=== Source records ===
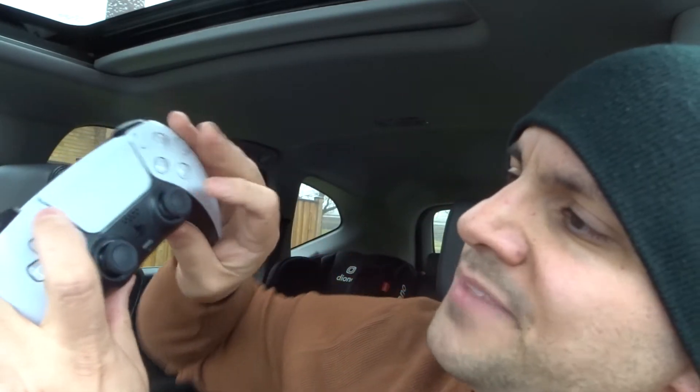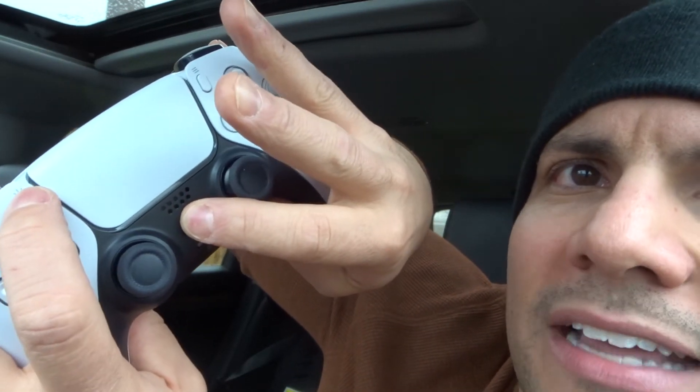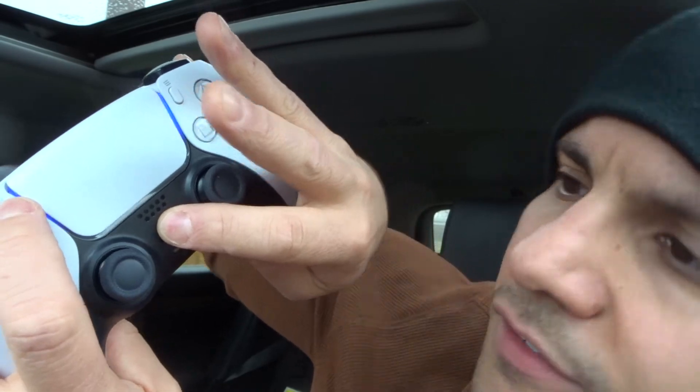If that doesn't help you out, move on to number four: did you put the controller in Bluetooth discovery mode? In order to connect this controller to your PC or any other device, you need to put it in Bluetooth discovery mode. It's really easy to do — you just hold down the PS button and the share/create button together for a few moments until you see the light bar start to flash and pulsate. That lets you know it's in Bluetooth discovery mode. You want to make sure it's in discovery mode or else your PC will not be able to find the controller.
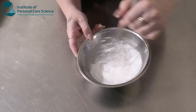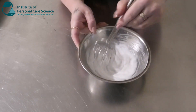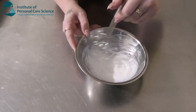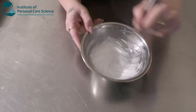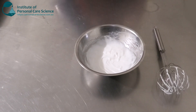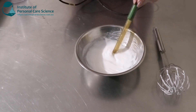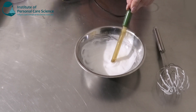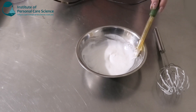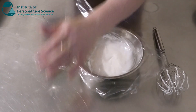Now it's looking like a nice beautiful viscous cream. We will assess the final viscosity the next day as well — we'll allow it to sit overnight to check for any signs of instability. Now I'm just going to check our final pH. We're not going to adjust it; we're just going to check it and see if it's sitting at around 6 to 6.5. And that's about 6.3, so that's pretty much where we want it to be.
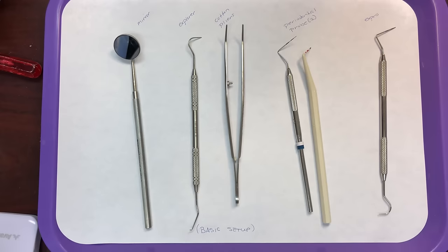Hi everyone, this video is going to go through the variety of dental instruments that you will need to know for your DENA 1340 class. We're going to start out with the basic setup with examination instruments. For this class, you have to be able to recognize the instrument by name, give the use of the instrument, and know what category the instrument belongs to.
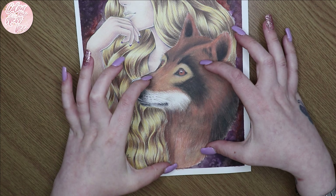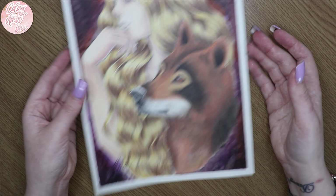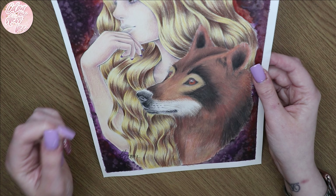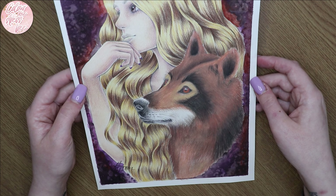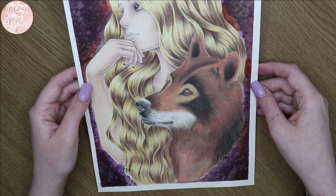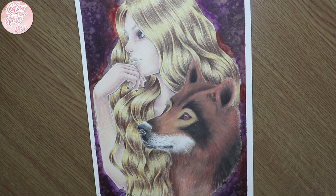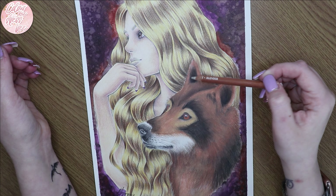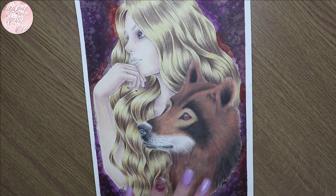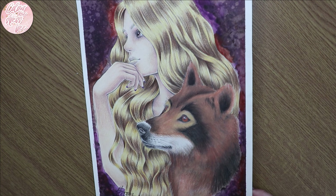I did a video dedicated to this wolf page and I believe I finished it all on camera. I used the Strathmore colored pencil paper, which is very different — it's very toothy. Once I'd put the color down I was done with it — I'd lost interest, I'll be honest. I could have gone in with the Derwent blender but I was just over it. This is a Mario Library Dex page and I do like how the fox-slash-wolf turned out — I used a reference picture for that one.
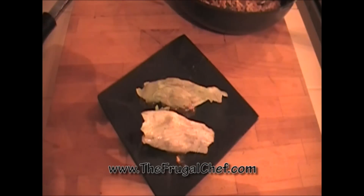Bon appétit, my friends, from thefrugalchef.com. Come and see us — we have all kinds of recipes that are not in video form. Eat well without going broke. Please comment and rate on this video. I'll see you guys soon.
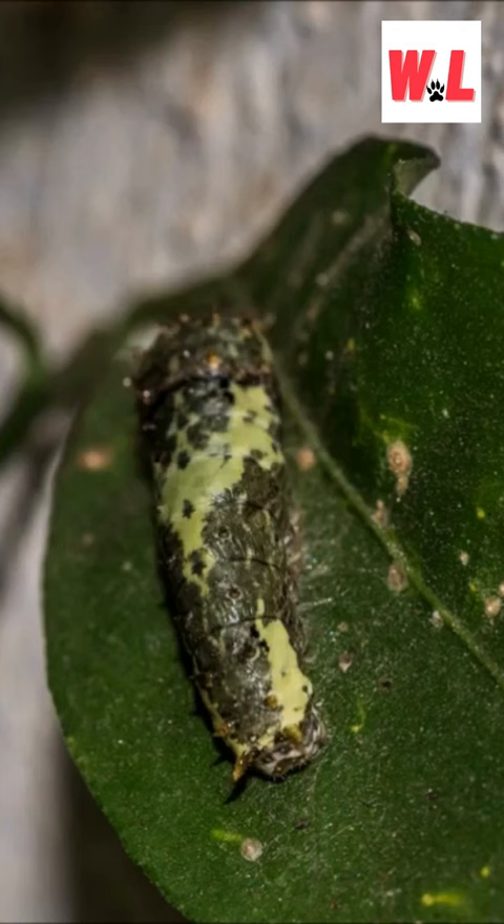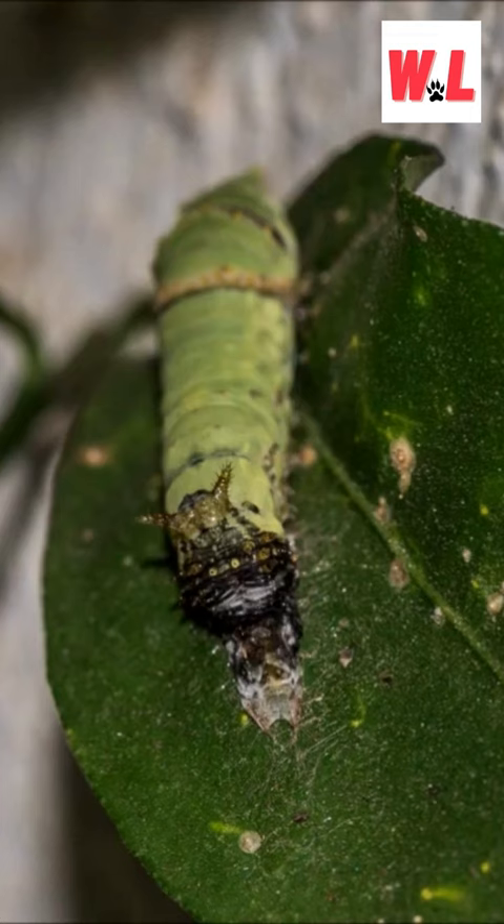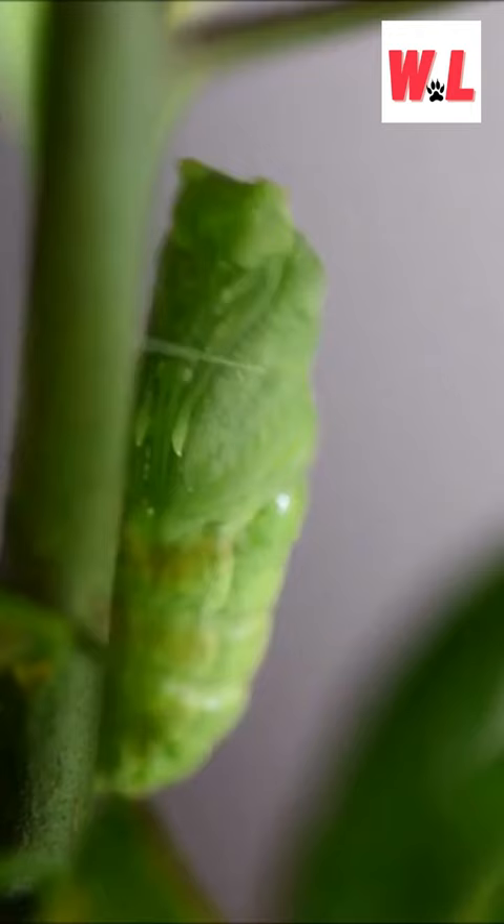The caterpillar goes into a day of dormant pre-pupation pose after carefully selecting a perch onto which it can pupate upright. They attach themselves to a leaf or branch with silk and stay still for a day or two.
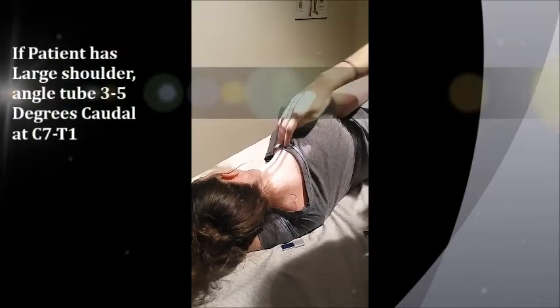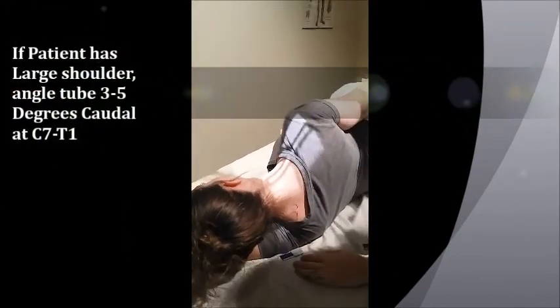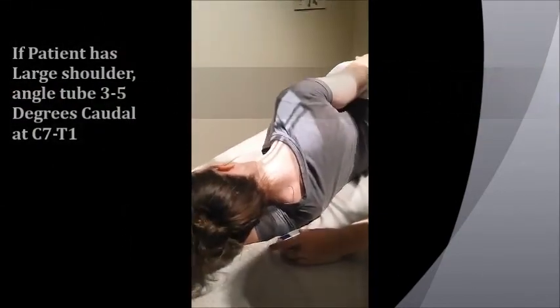If she can't depress the shoulder down, you'll use a three to five degree caudal angle toward her shoulder — it's a really tiny angle — just to help get between her two shoulders. You center right at that same junction of the shoulder and neck. For breathing on this one, she's just going to stop breathing — no expiration required.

=== Problem to work on ===
All pictures are to be skipped; the lines from the first line of the records through the line containing "Now it's looking" are to be repeated exactly, both ends included.

=== Exercise answer ===
If that doesn't help you out, move on to number four: did you put the controller in Bluetooth discovery mode? In order to connect this controller to your PC or any other device, you need to put it in Bluetooth discovery mode. It's really easy to do — you just hold down the PS button and the share/create button together for a few moments until you see the light bar start to flash and pulsate. That lets you know it's in Bluetooth discovery mode. You want to make sure it's in discovery mode or else your PC will not be able to find the controller.
Now it's looking like a nice beautiful viscous cream. We will assess the final viscosity the next day as well — we'll allow it to sit overnight to check for any signs of instability. Now I'm just going to check our final pH. We're not going to adjust it; we're just going to check it and see if it's sitting at around 6 to 6.5. And that's about 6.3, so that's pretty much where we want it to be.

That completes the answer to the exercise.